Provided data →
##########

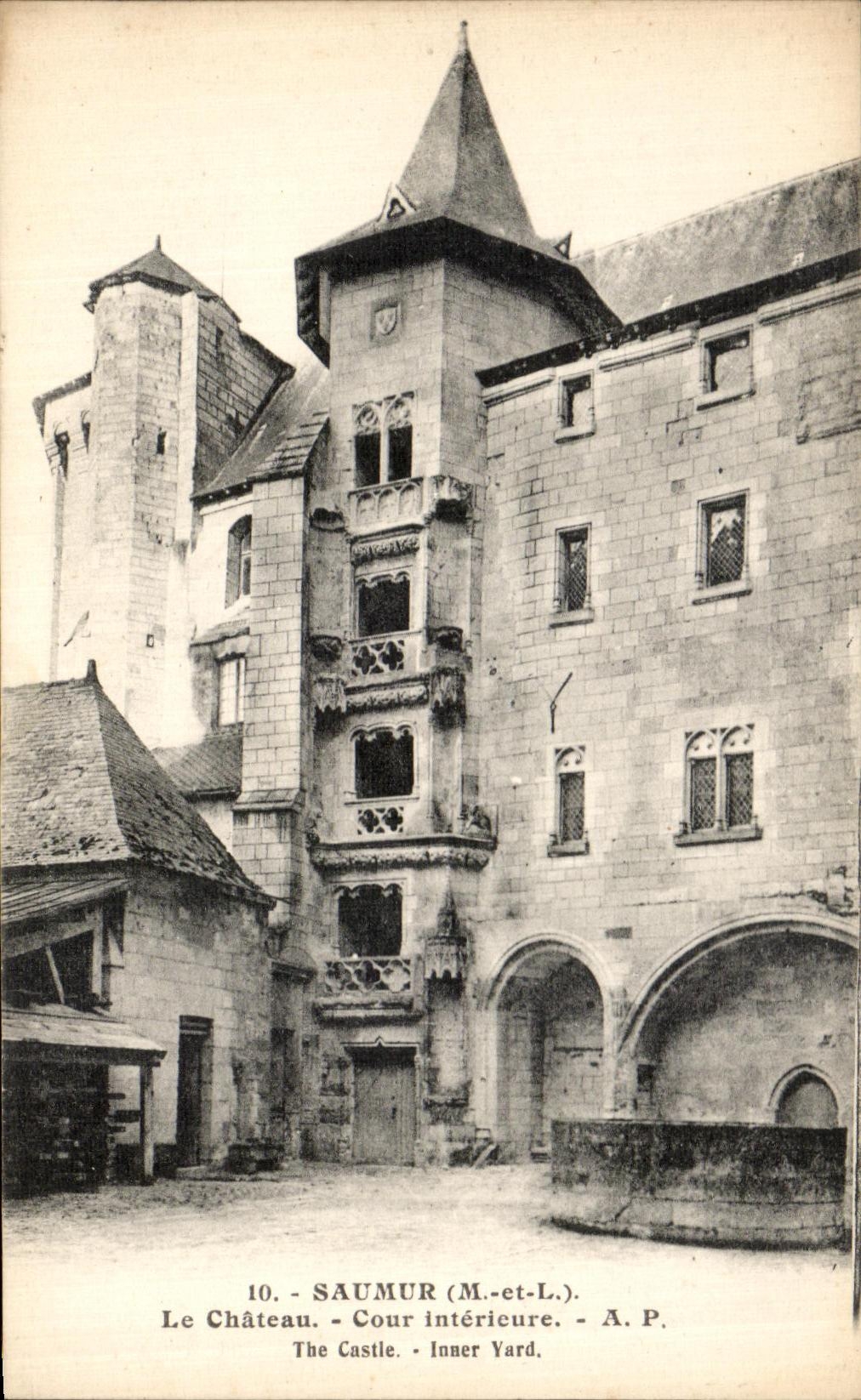 CPA Saumur Le Chateau Cour Interieure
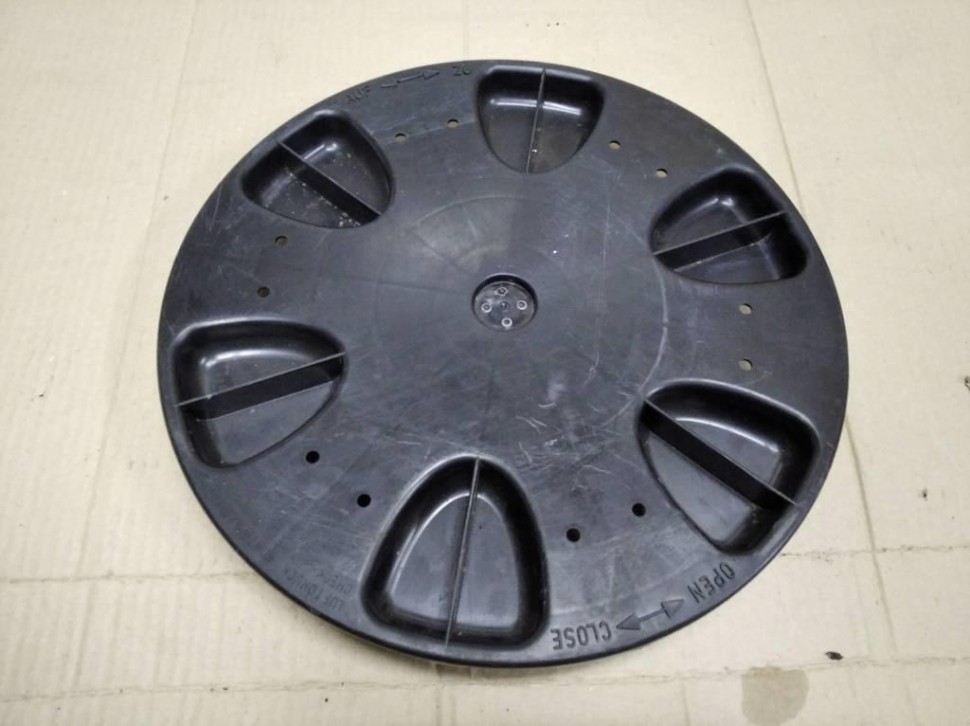 Крепление запаски MERCEDES-BENZ E-класс W211/S211 (2002 - 2006) фото 1 — Разборка Мерседес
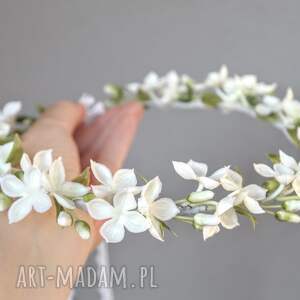 Wianek z jaśminem „Biały świt” - delikatna ozdoba ślubna i komunijna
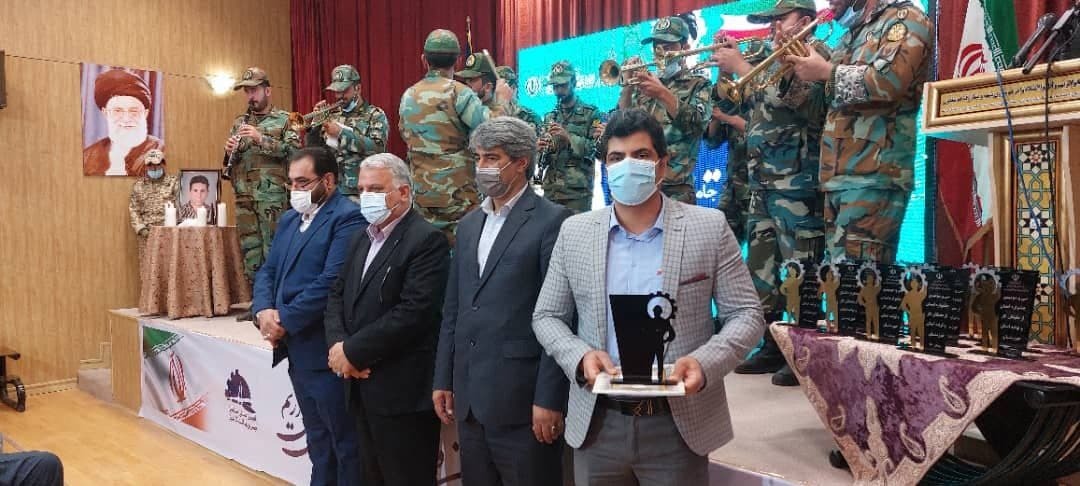 تندیس واحد نمونه صنعتی و کارگر نمونه صنعتی در جشنواره امتنان به شرکت فولاد خوزستان رسید تندیس واحد نمونه صنعتی و کارگر نمونه صنعتی در جشنواره امتنان به شرکت فولاد خوزستان رسید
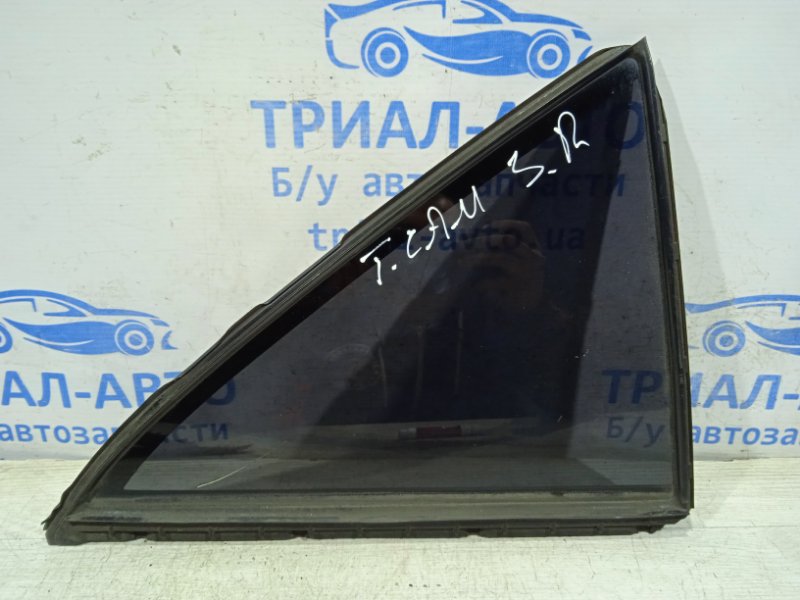 Стекло двери задней правой (форточка) Toyota Camry 2006-2011 XV40 6812306050 контрактная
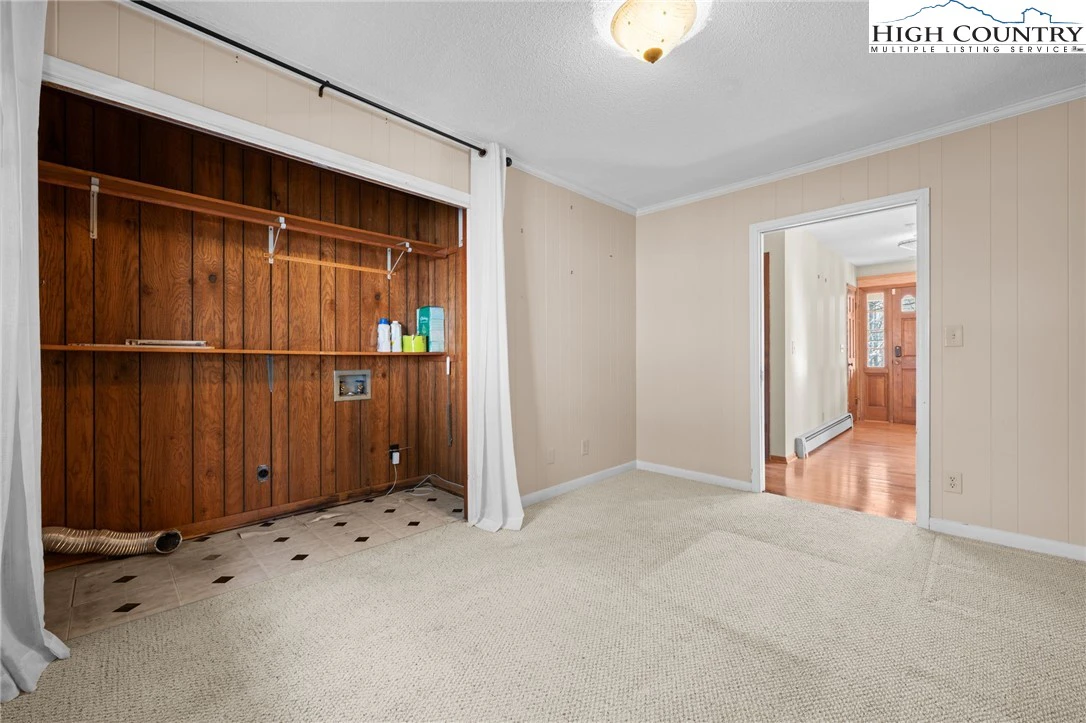 Image number 12 for the current listing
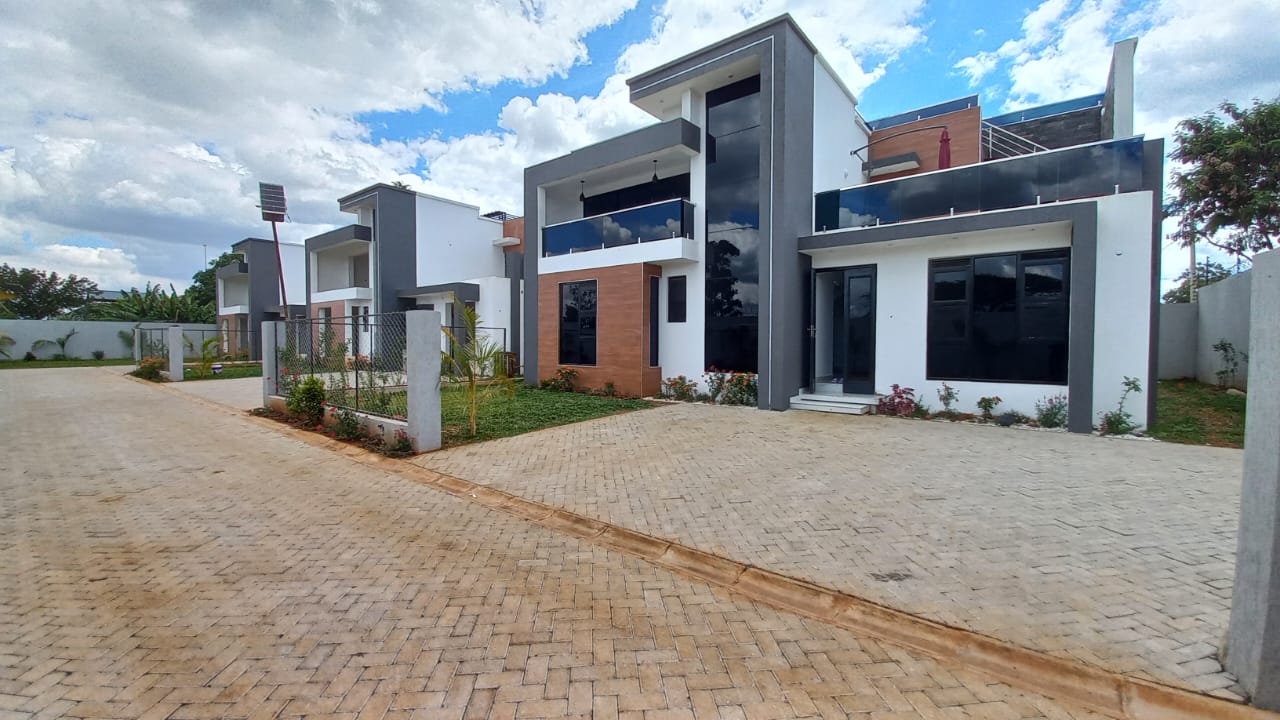 5 bedroom all-ensuite maisonette in Ruiru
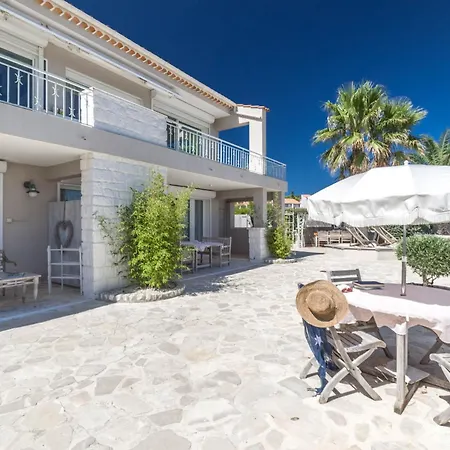 וילה 83pano Panoramamer לס איסאמברה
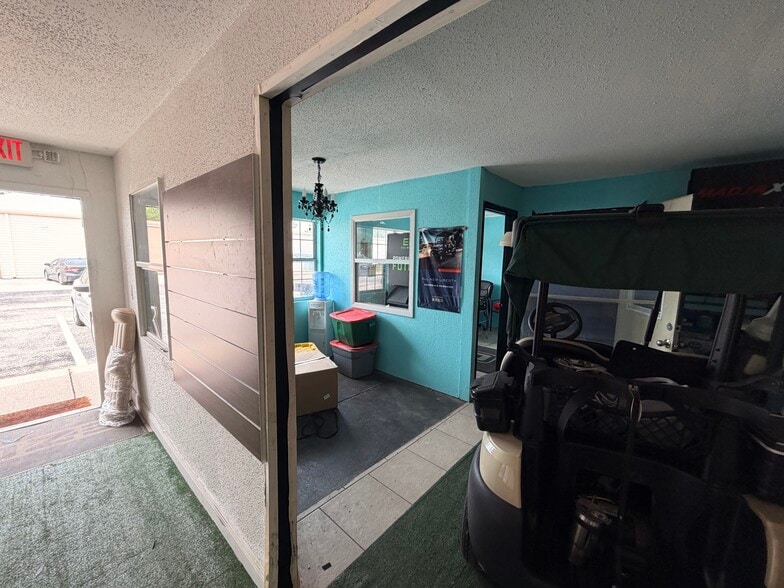More Photos Of 904 Jan-Mar Ct, Clermont Flex For Lease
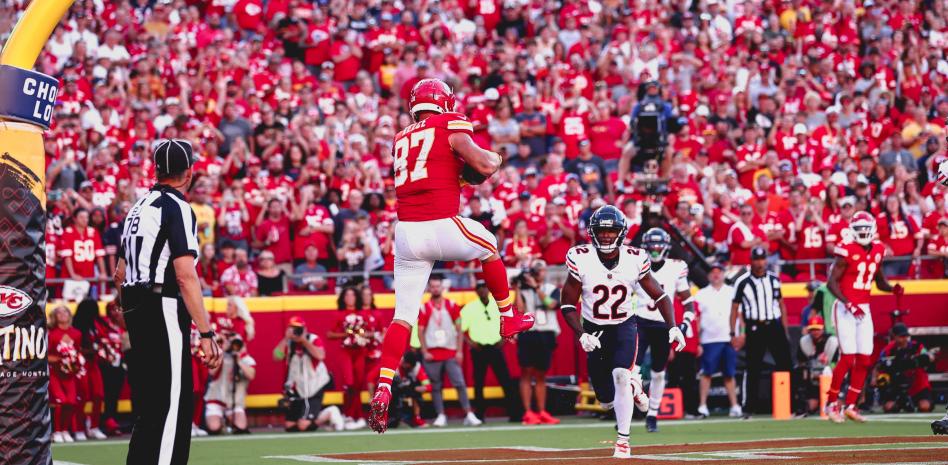 El campeón Chiefs, liderado por Mahomes, machaca 41-10 a Chicago Bears thumbnail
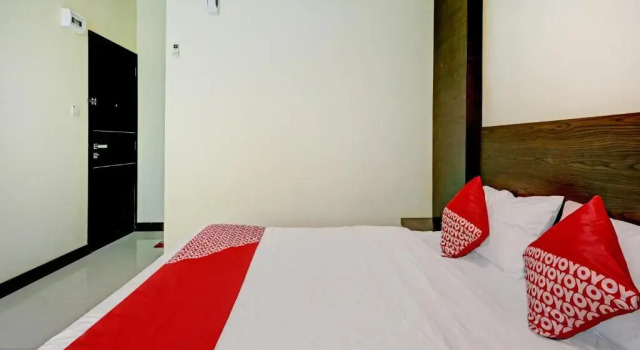 Номер Deluxe OYO 90350 Hotel Five Star 2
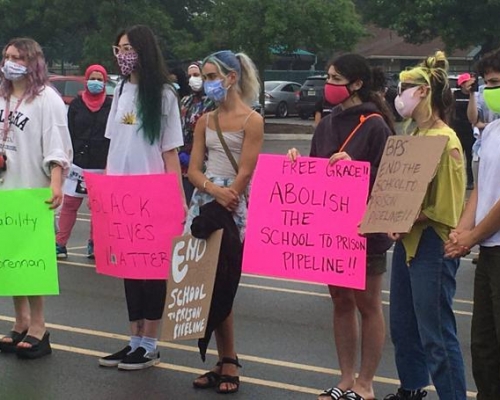 学生不满法官下令。网图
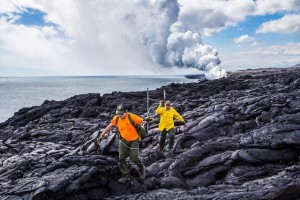 4711550_web1_960_eruption-crew-rangers-rob-ely-and-john-moraes-replace-white-rope-line-marking-closed-coastal-cliffs
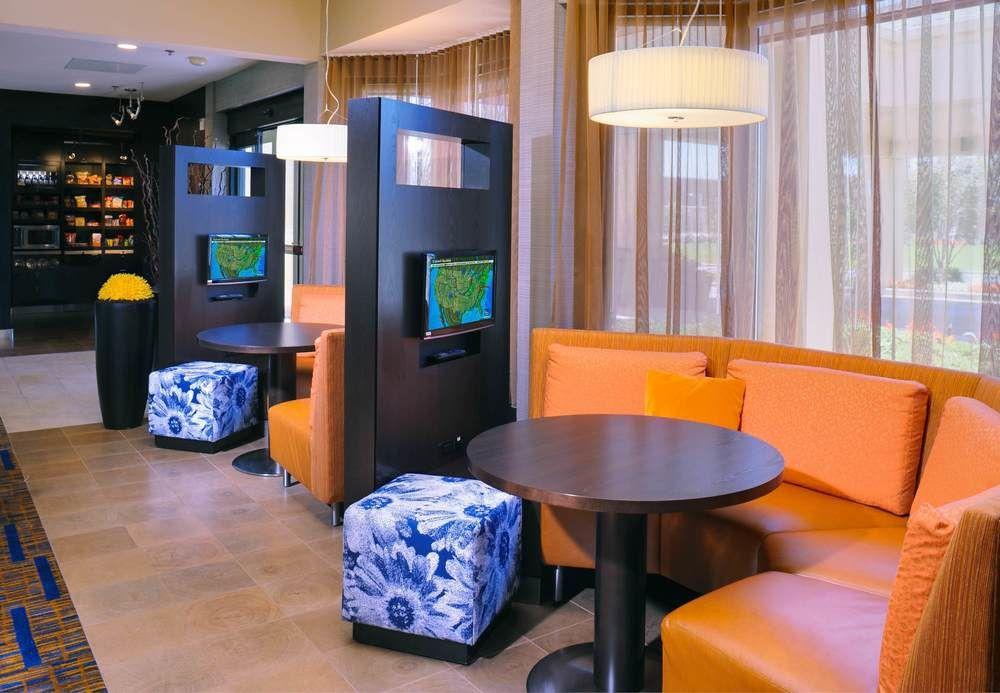 מלון Courtyard Columbus וורת'ינגטון מראה חיצוני תמונה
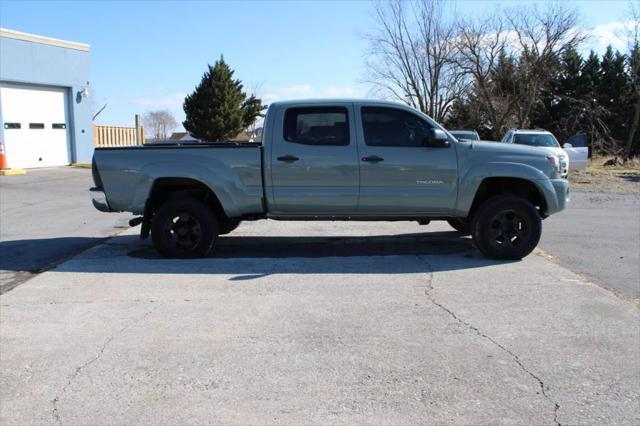 used 2006 Toyota Tacoma car, priced at $13,995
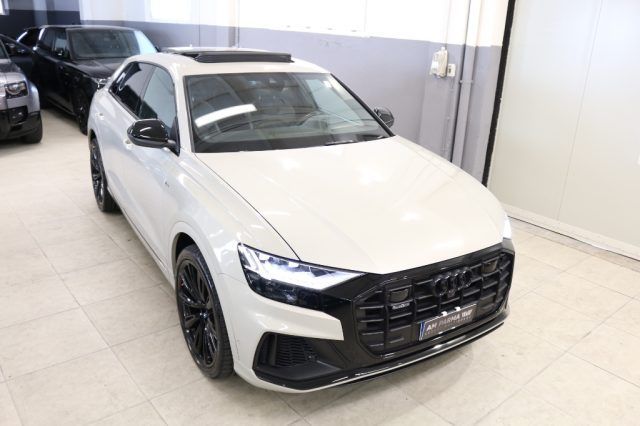 AUDI AUDI Q8 55 TFSI quattro tiptronic Sport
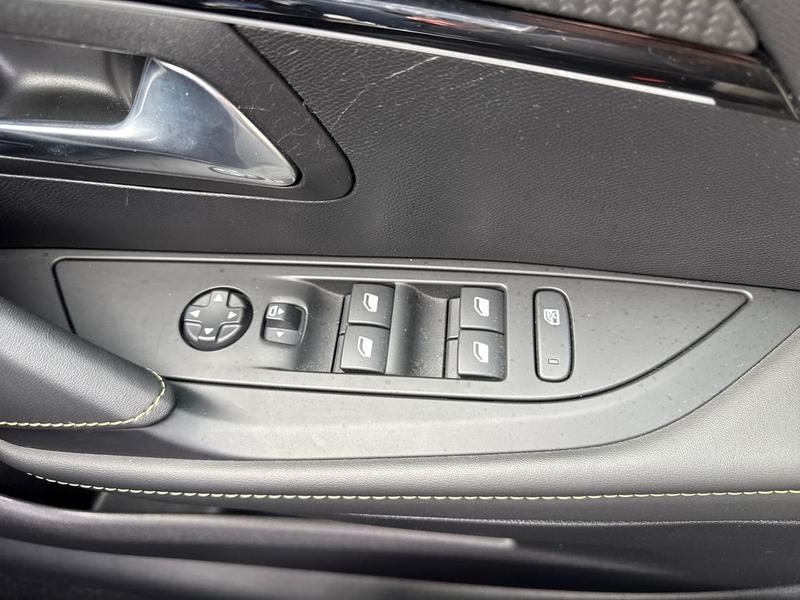 Used Peugeot 208 DE73PKU 24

##########

Work to be completed →
Repeat the listing above word for word. Do not include the pictures.

Answer to the exercise →
 CPA Saumur Le Chateau Cour Interieure
 Крепление запаски MERCEDES-BENZ E-класс W211/S211 (2002 - 2006) фото 1 — Разборка Мерседес
 Wianek z jaśminem „Biały świt” - delikatna ozdoba ślubna i komunijna
 تندیس واحد نمونه صنعتی و کارگر نمونه صنعتی در جشنواره امتنان به شرکت فولاد خوزستان رسید تندیس واحد نمونه صنعتی و کارگر نمونه صنعتی در جشنواره امتنان به شرکت فولاد خوزستان رسید
 Стекло двери задней правой (форточка) Toyota Camry 2006-2011 XV40 6812306050 контрактная
 Image number 12 for the current listing
 5 bedroom all-ensuite maisonette in Ruiru
 וילה 83pano Panoramamer לס איסאמברה
More Photos Of 904 Jan-Mar Ct, Clermont Flex For Lease
 El campeón Chiefs, liderado por Mahomes, machaca 41-10 a Chicago Bears thumbnail
 Номер Deluxe OYO 90350 Hotel Five Star 2
 学生不满法官下令。网图
 4711550_web1_960_eruption-crew-rangers-rob-ely-and-john-moraes-replace-white-rope-line-marking-closed-coastal-cliffs
 מלון Courtyard Columbus וורת'ינגטון מראה חיצוני תמונה
 used 2006 Toyota Tacoma car, priced at $13,995
 AUDI AUDI Q8 55 TFSI quattro tiptronic Sport
 Used Peugeot 208 DE73PKU 24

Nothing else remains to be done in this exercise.